### Assigned task
Return the records that follow unaltered. Omit every picture.

### Recorded data
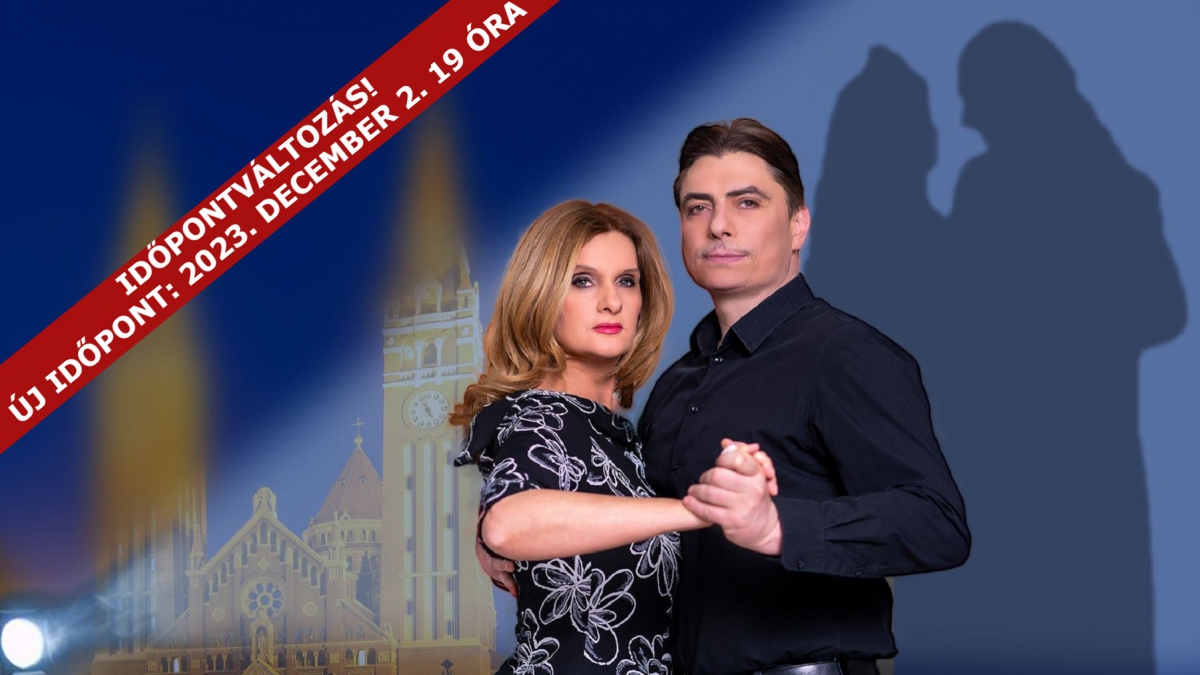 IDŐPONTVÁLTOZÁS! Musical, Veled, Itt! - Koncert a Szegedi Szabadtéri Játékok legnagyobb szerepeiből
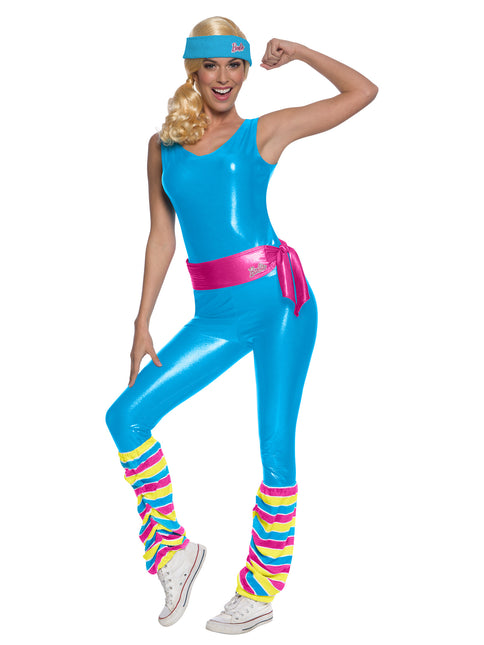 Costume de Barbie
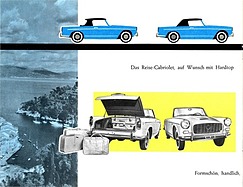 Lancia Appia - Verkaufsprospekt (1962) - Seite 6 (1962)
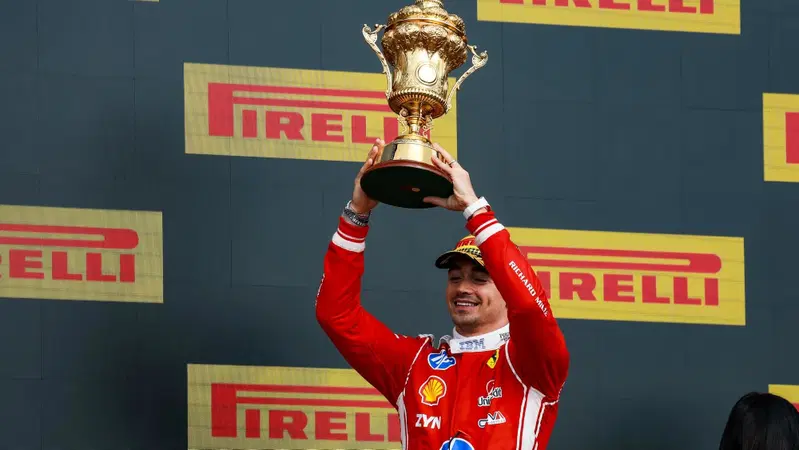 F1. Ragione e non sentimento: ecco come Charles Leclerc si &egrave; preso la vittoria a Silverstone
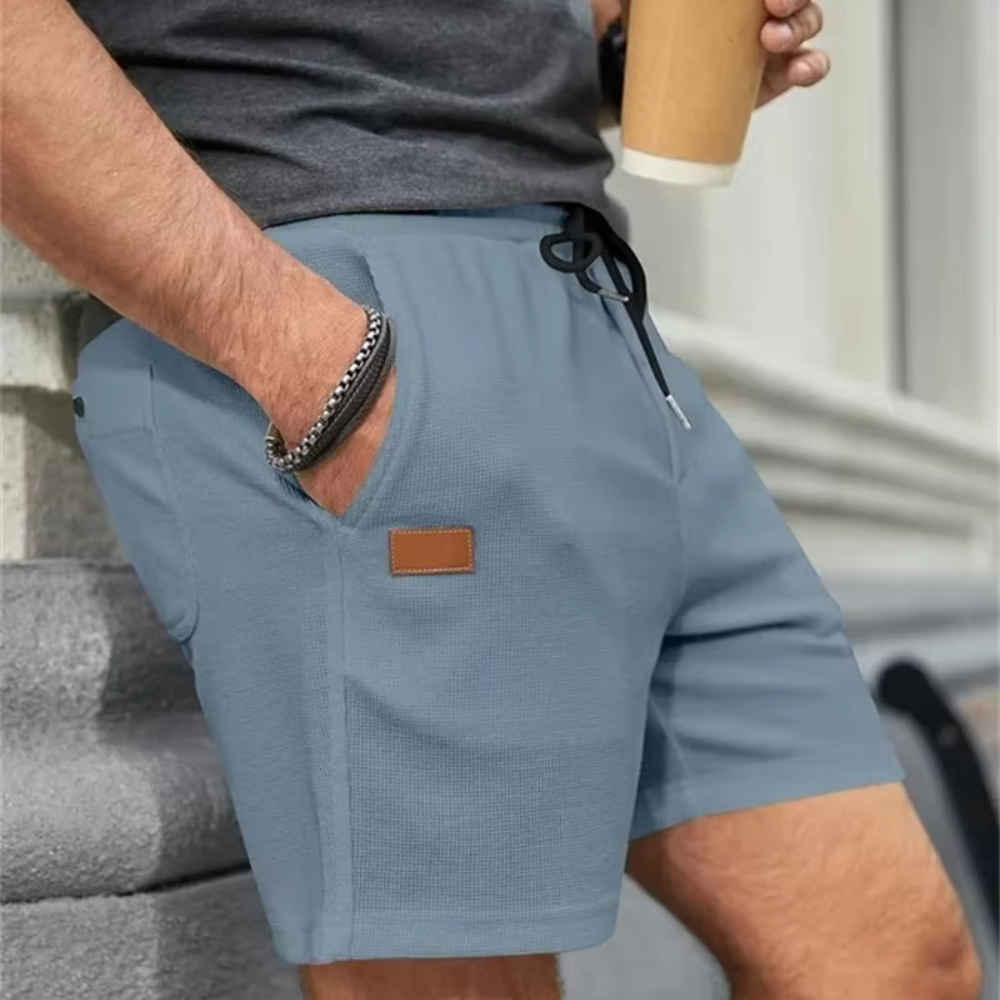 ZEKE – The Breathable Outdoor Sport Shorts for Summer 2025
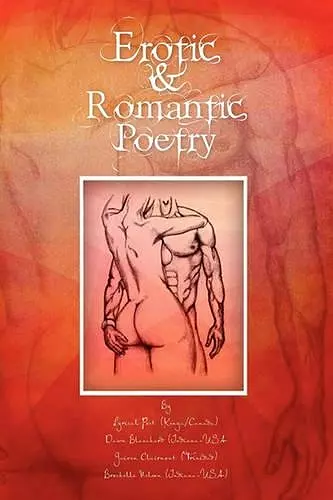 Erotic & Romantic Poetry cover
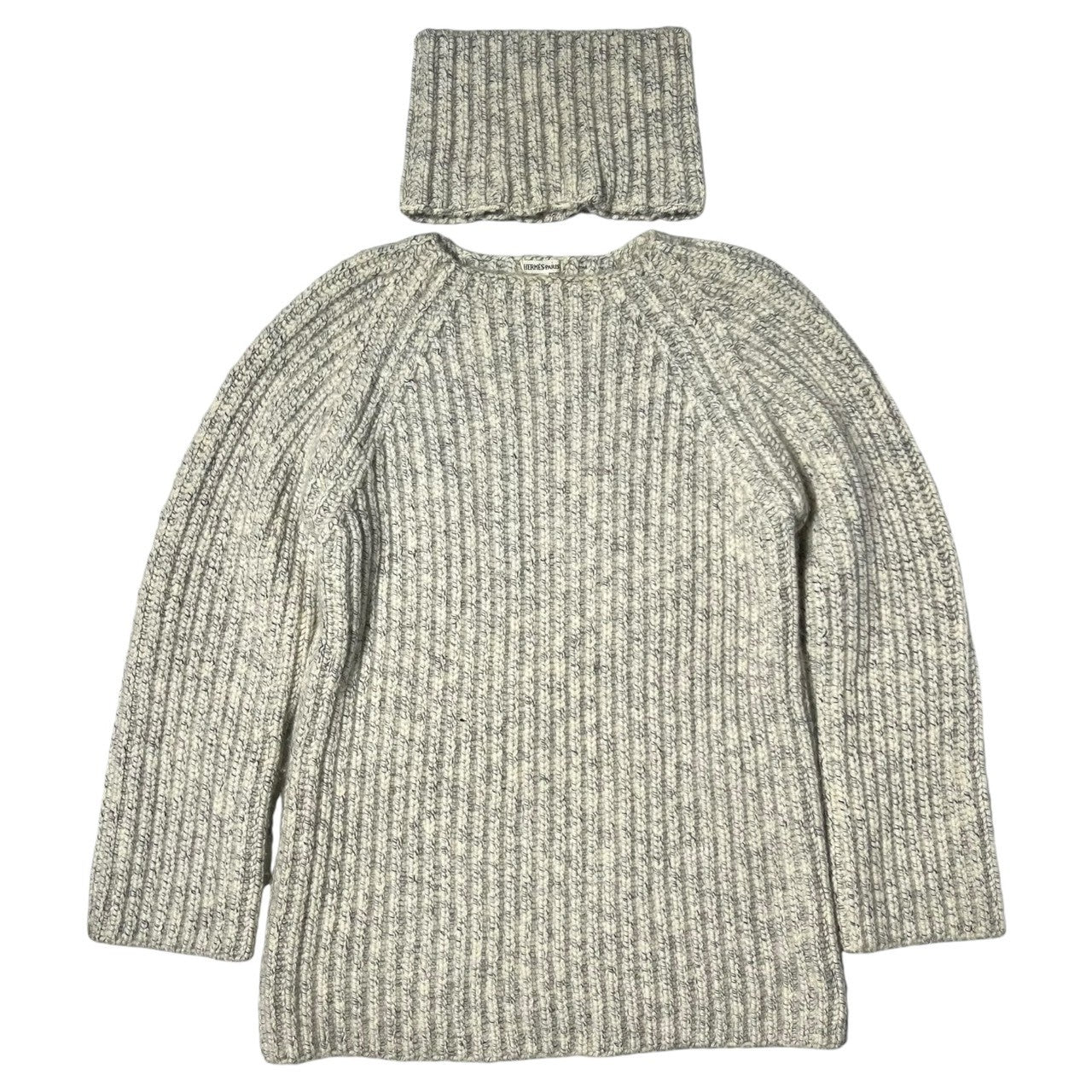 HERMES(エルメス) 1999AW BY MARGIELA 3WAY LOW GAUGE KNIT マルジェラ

### Answer for this exercise
 IDŐPONTVÁLTOZÁS! Musical, Veled, Itt! - Koncert a Szegedi Szabadtéri Játékok legnagyobb szerepeiből
 Costume de Barbie
 Lancia Appia - Verkaufsprospekt (1962) - Seite 6 (1962)
 F1. Ragione e non sentimento: ecco come Charles Leclerc si &egrave; preso la vittoria a Silverstone
 ZEKE – The Breathable Outdoor Sport Shorts for Summer 2025
 Erotic & Romantic Poetry cover
 HERMES(エルメス) 1999AW BY MARGIELA 3WAY LOW GAUGE KNIT マルジェラ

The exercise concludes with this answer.